民事訴訟法 訴え その4

民事訴訟法142条~

 

・重複する訴えの提起の禁止(142条)

裁判所に係属する事件については、当事者はさらに訴えを提起することができません。

ex)AがBに対して有する債権1000万円の一部である200万円と明示した上で係属中である場合、残りの800万円は係属中ではないため、Aは残りの800万円を自働債権としてBがAに対して有する債権の相殺にあてることが可能です。明示がない場合は、自働債権とすることはできません。

 

判例(142条)

AがBに対して所有権に基づく所有権移転登記を求める訴えの係争中に、BがAに対して自己に所有権があることを確認する訴えを提訴することは重複起訴には当たりません。ただし、BがAに対して所有権移転登記請求権がないことの確認を求める訴えの提起は重複起訴に当たります。(最判昭和49.2.8)

 

・訴えの変更(143条)

原告は、請求物の基礎に変更がない限り、口頭弁論の終結時までに請求又は請求の原因を変更することができます。この変更ができるのは、訴訟手続きが著しく遅滞することがない場合に限ります。なお、請求物の基礎に変更がある場合であったとしても、相手方の承諾があれば、変更を行うことができます。

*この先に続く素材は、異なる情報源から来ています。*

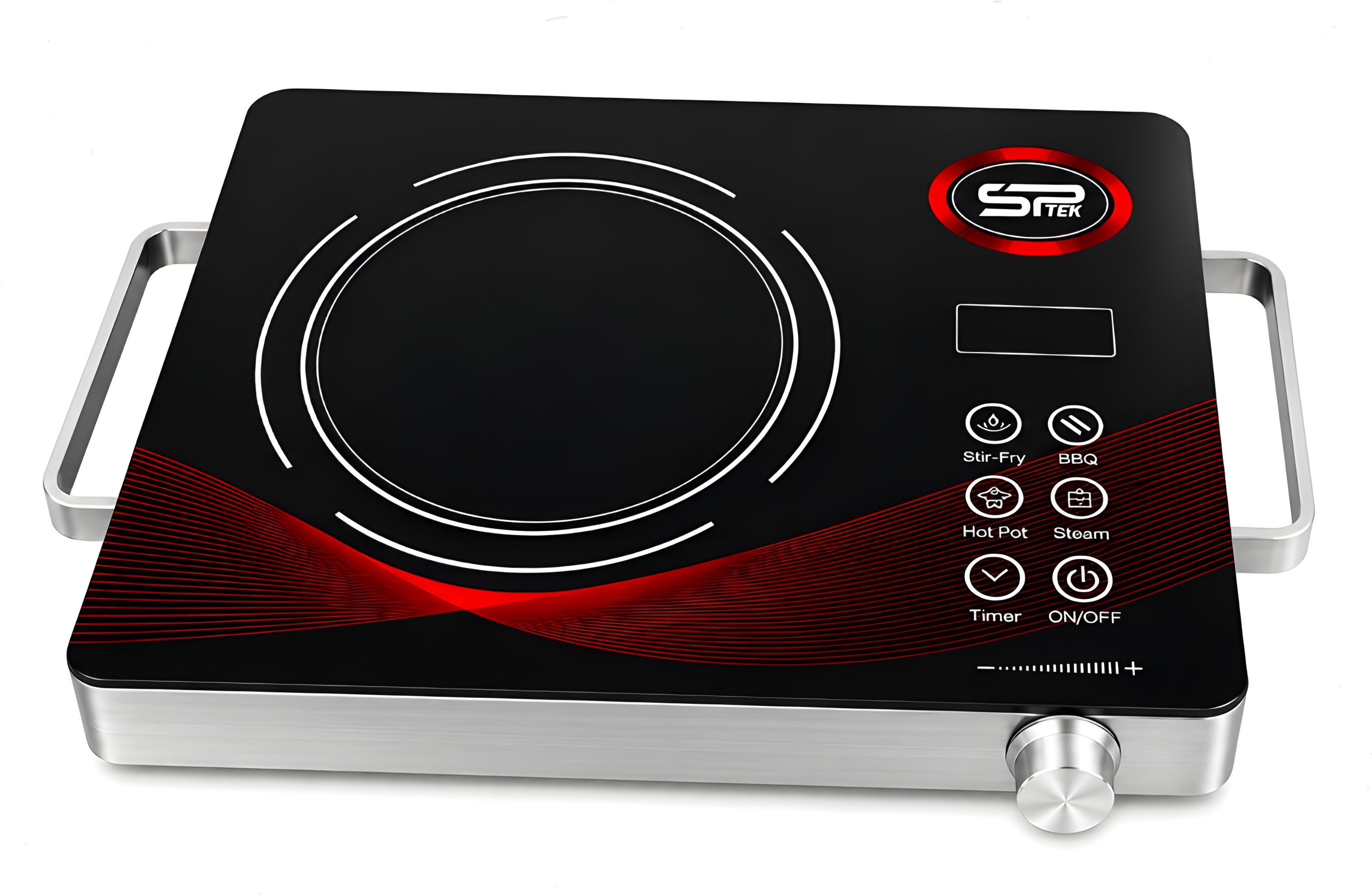 sp tek 3500 W Infrared Cooktop Touch Panel-picture-25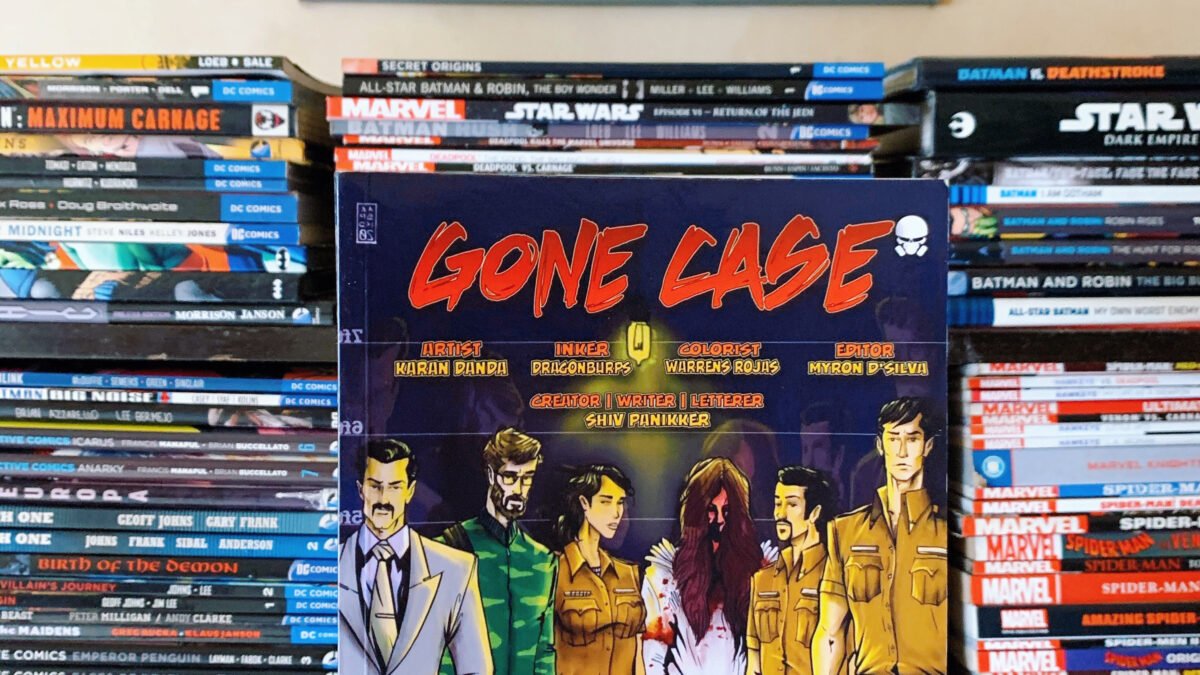 Gone Case Review: A New Horror Graphic Novel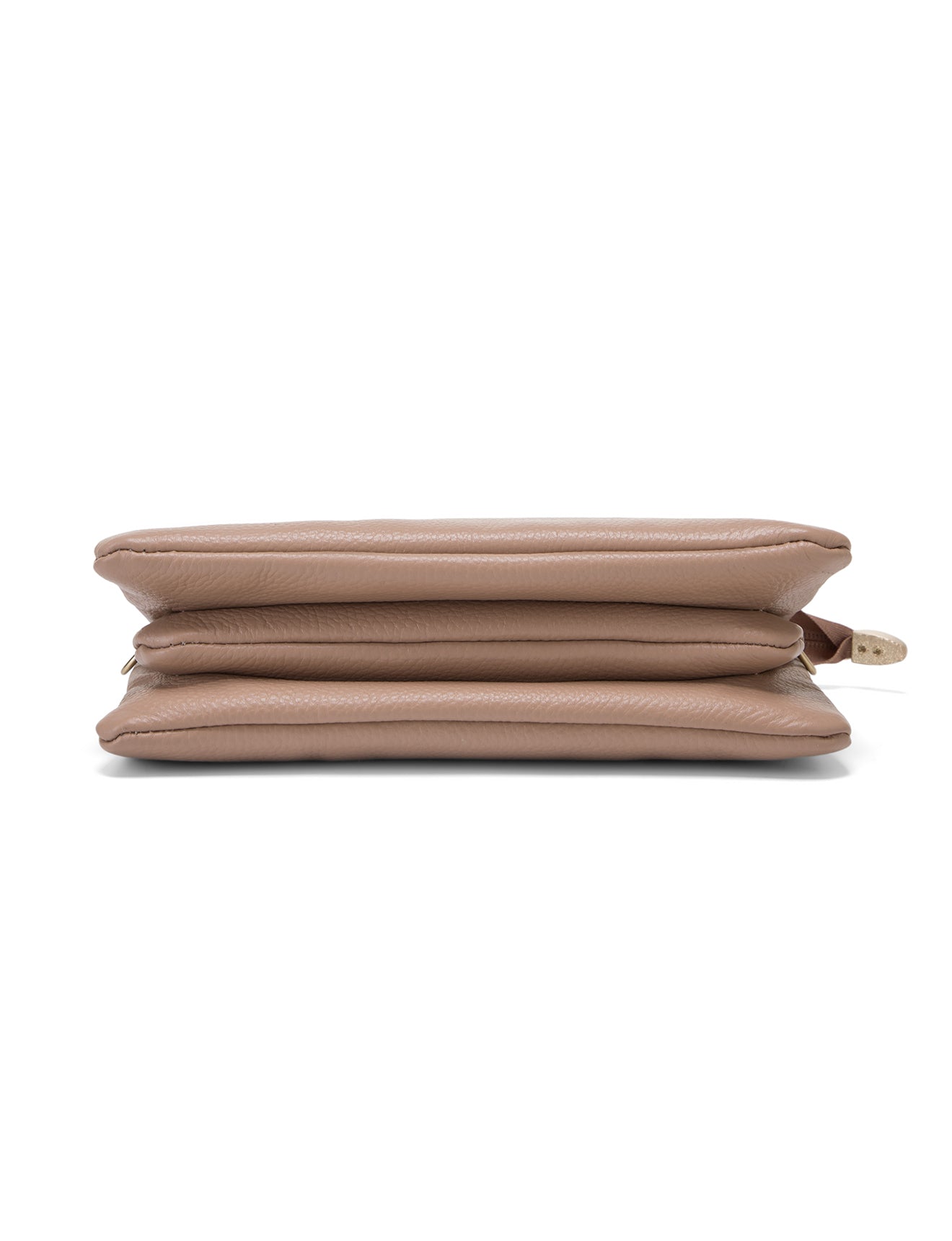 CANDICE LEDERBRIEFTASCHE MIT SCHULTERGURT - E1-0809-MACC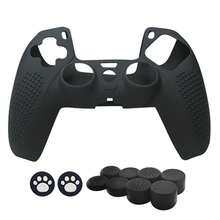 Compatible With 5, Controller Game Protective Cover, Anti-Slip Dot Design, Anti-Slip, Anti-Sweat, Anti-Scratch, Anti-Dust, Enhanced Gaming Grip - View 12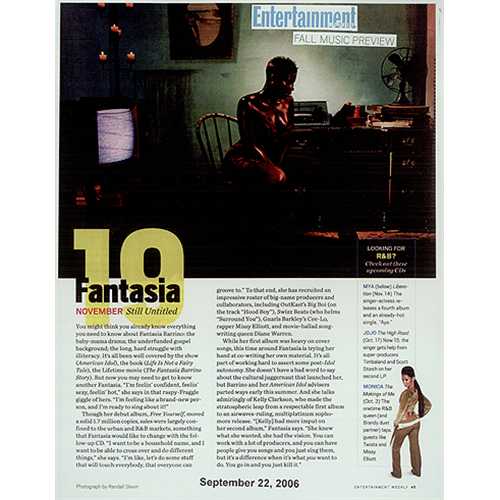 Fantasia Fantasia media press pack US FA7PPFA407811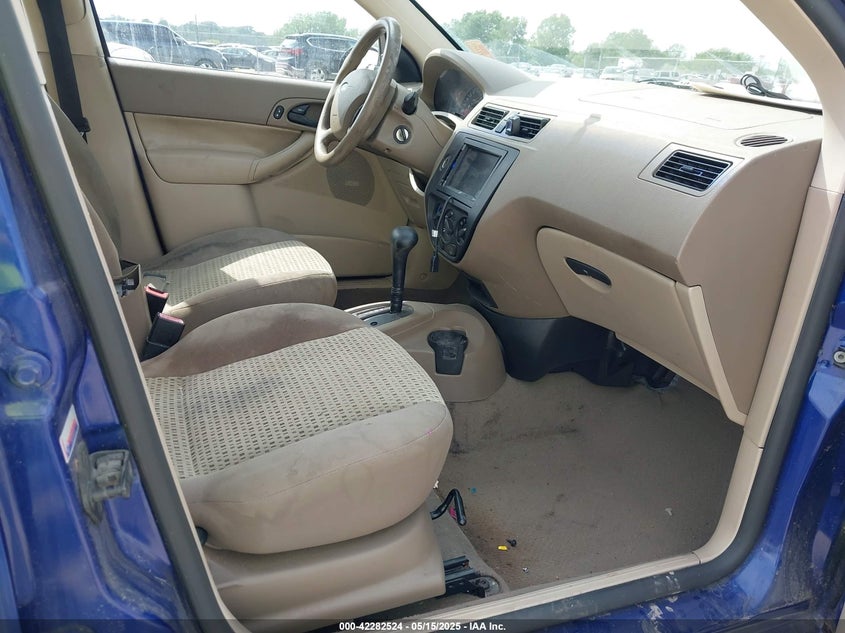 2006 FORD FOCUS VIN: 1FAFP34N66W121429
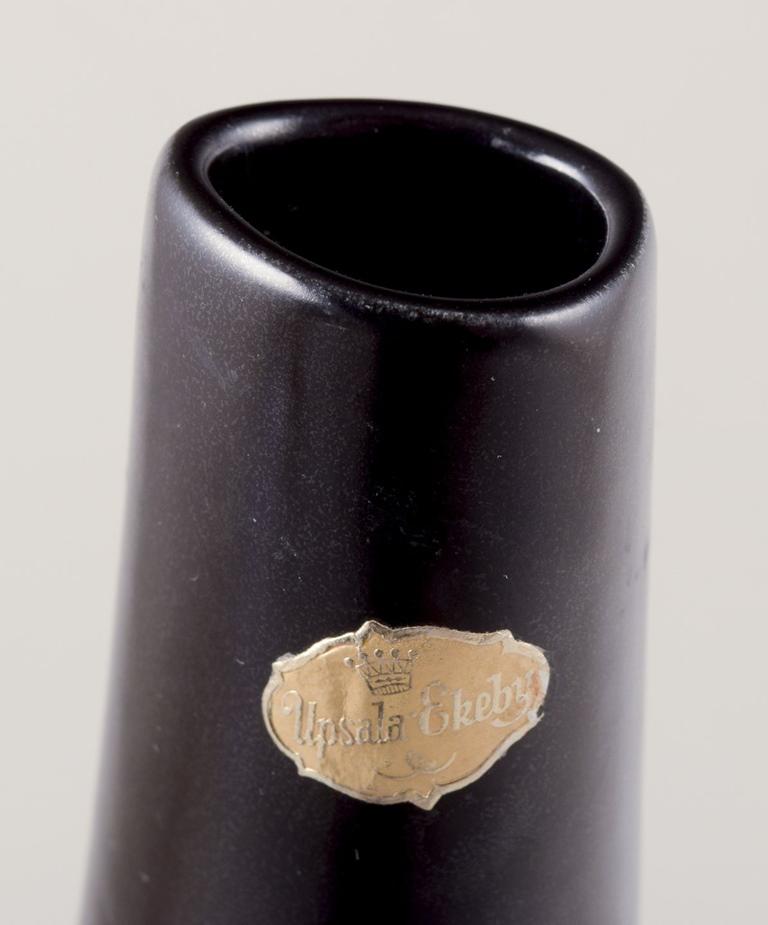 Lillemor Mannerheim für Upsala Ekeby/Gefle. Große Keramikvase 'Toreador'. (20. Jahrhundert) im Angebot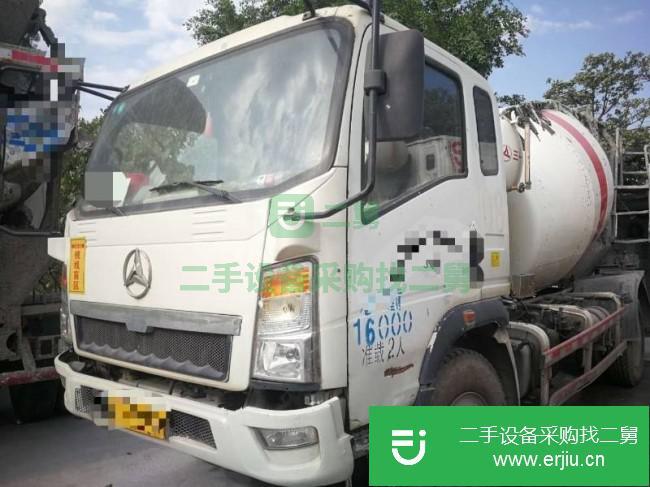 廣西出售二手三一重工6方攪拌車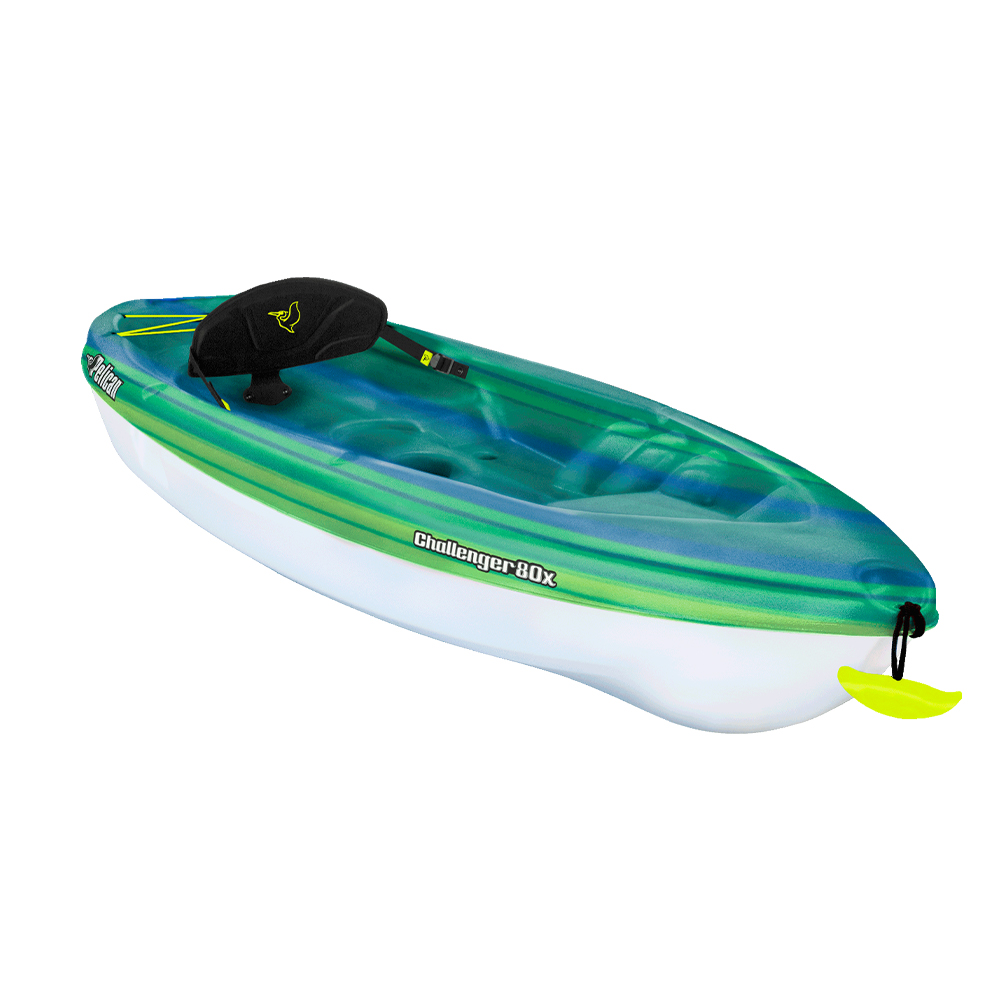 Pelican Rally 80X Recreational Kayak with Paddle Pelican Rally 80X Recreational Kayak with Paddle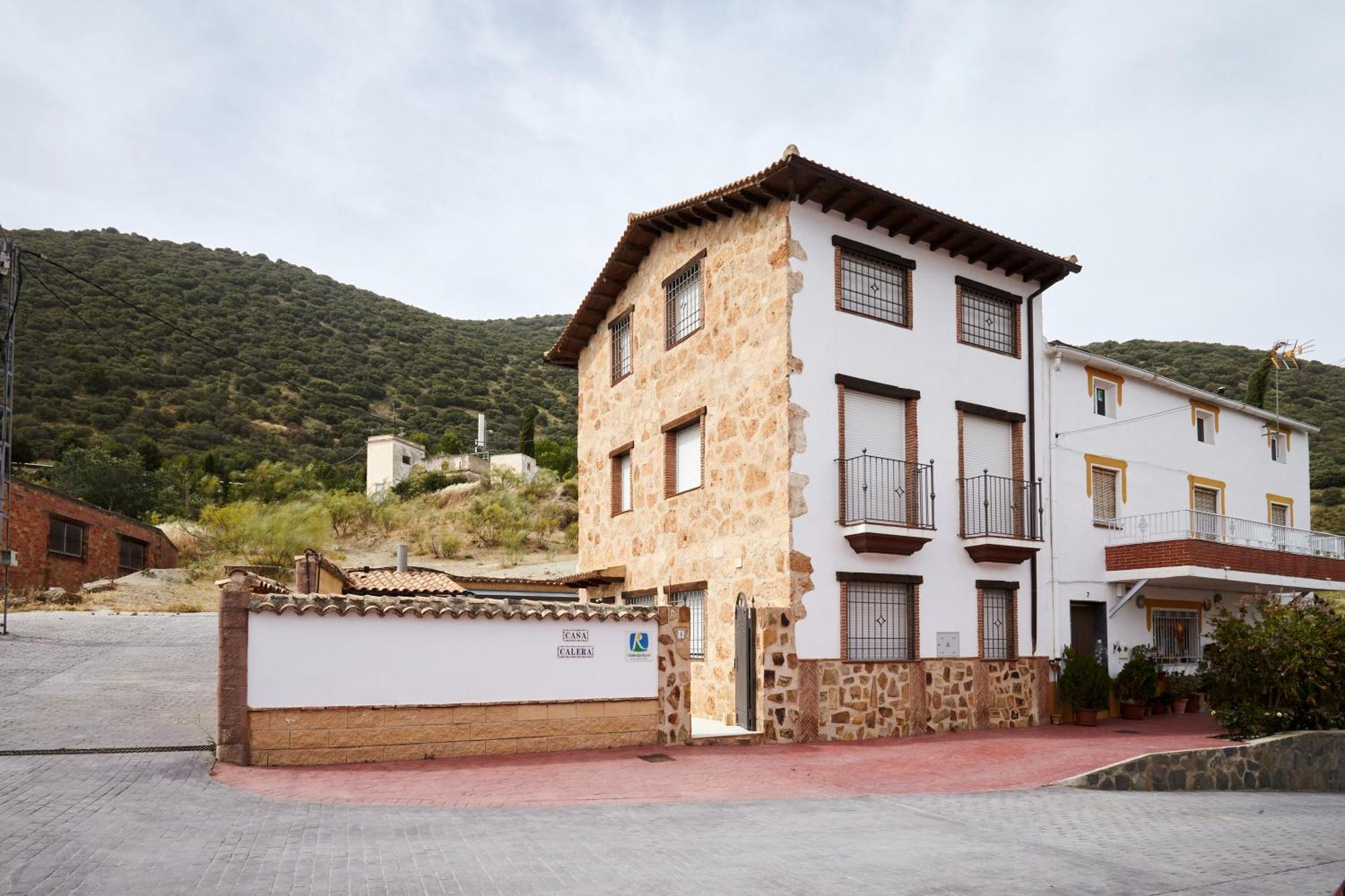 Casa Calera Casa de hóspedes Arbuniel Exterior foto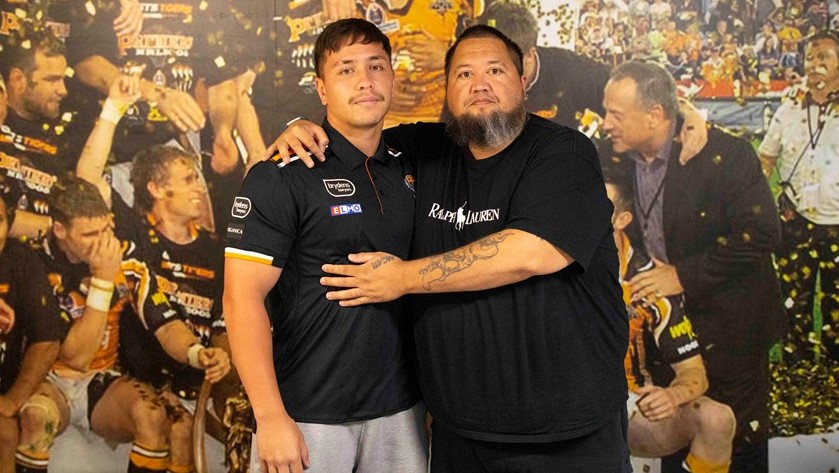Ngatikaura joins West Tigers’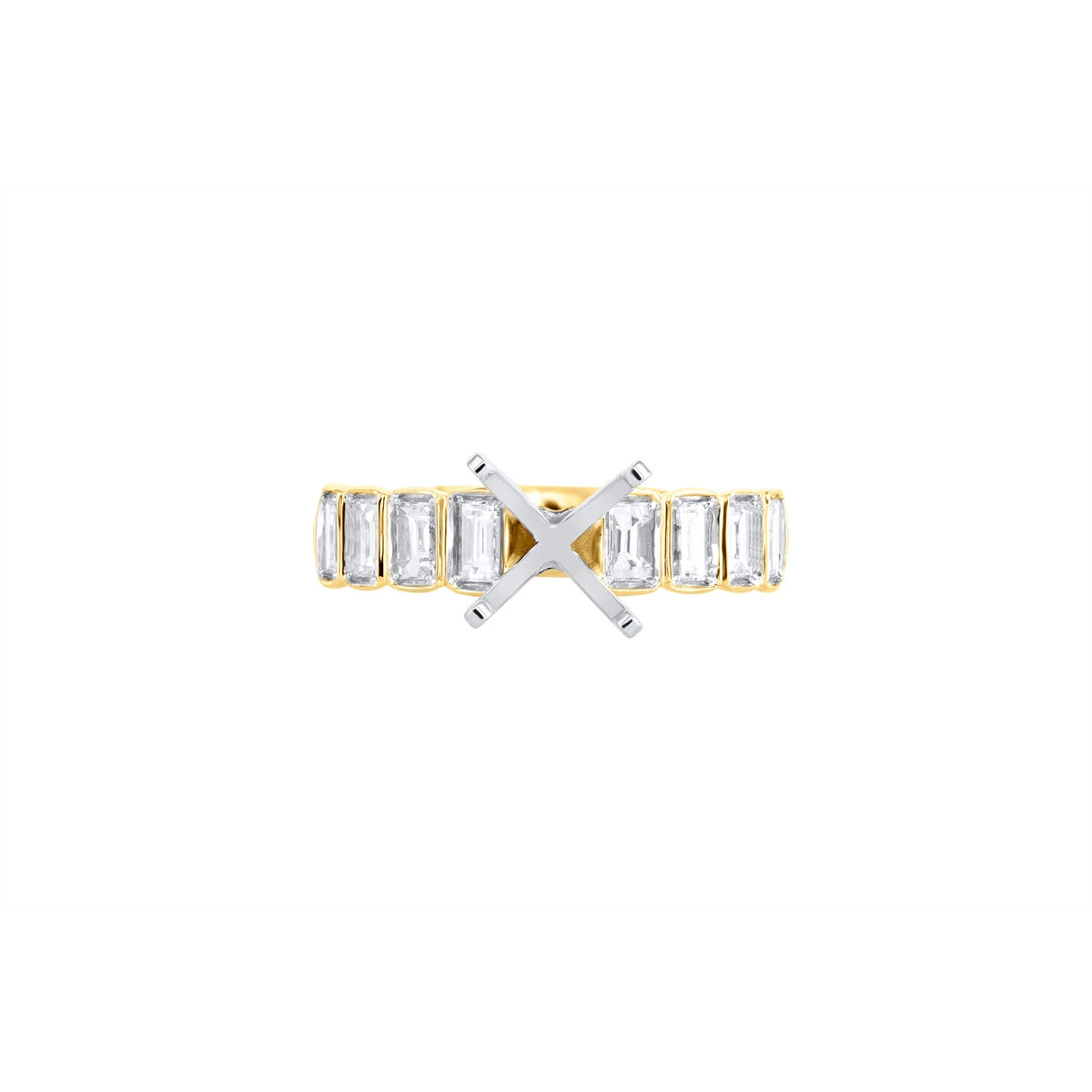 Engagement Collections Engagement Rings in Yellow Gold containing Diamond 463783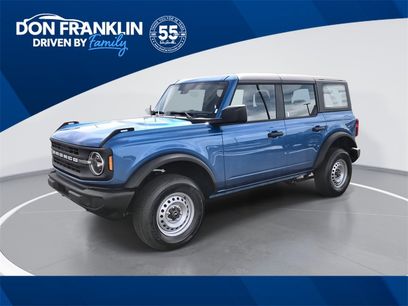 New 2025 Ford Bronco 4-Door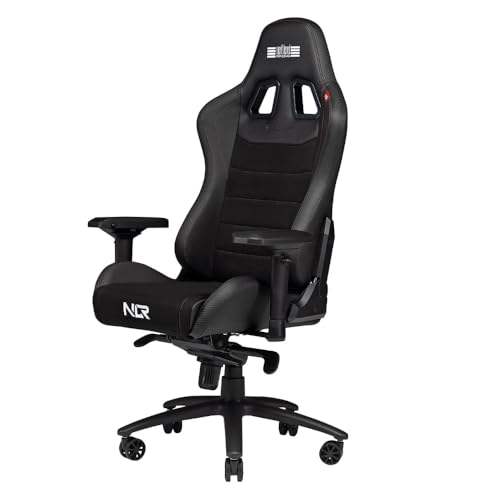 Image of Next Level Racing Pro Gaming Chair Black Leather & Suede NLR- G003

請求の変更は、書面にて行わなければならず、この書面は相手方に送達されます。なお、簡易裁判所では書面で行うことを要しません。また、書面を要するのは、請求の変更に限られ、請求の原因の変更の場合は、書面によることを要しません。

裁判所は、変更が不当であると認められる場合には、職権で又は申し立てにて変更を許さない旨の決定をしなければなりません。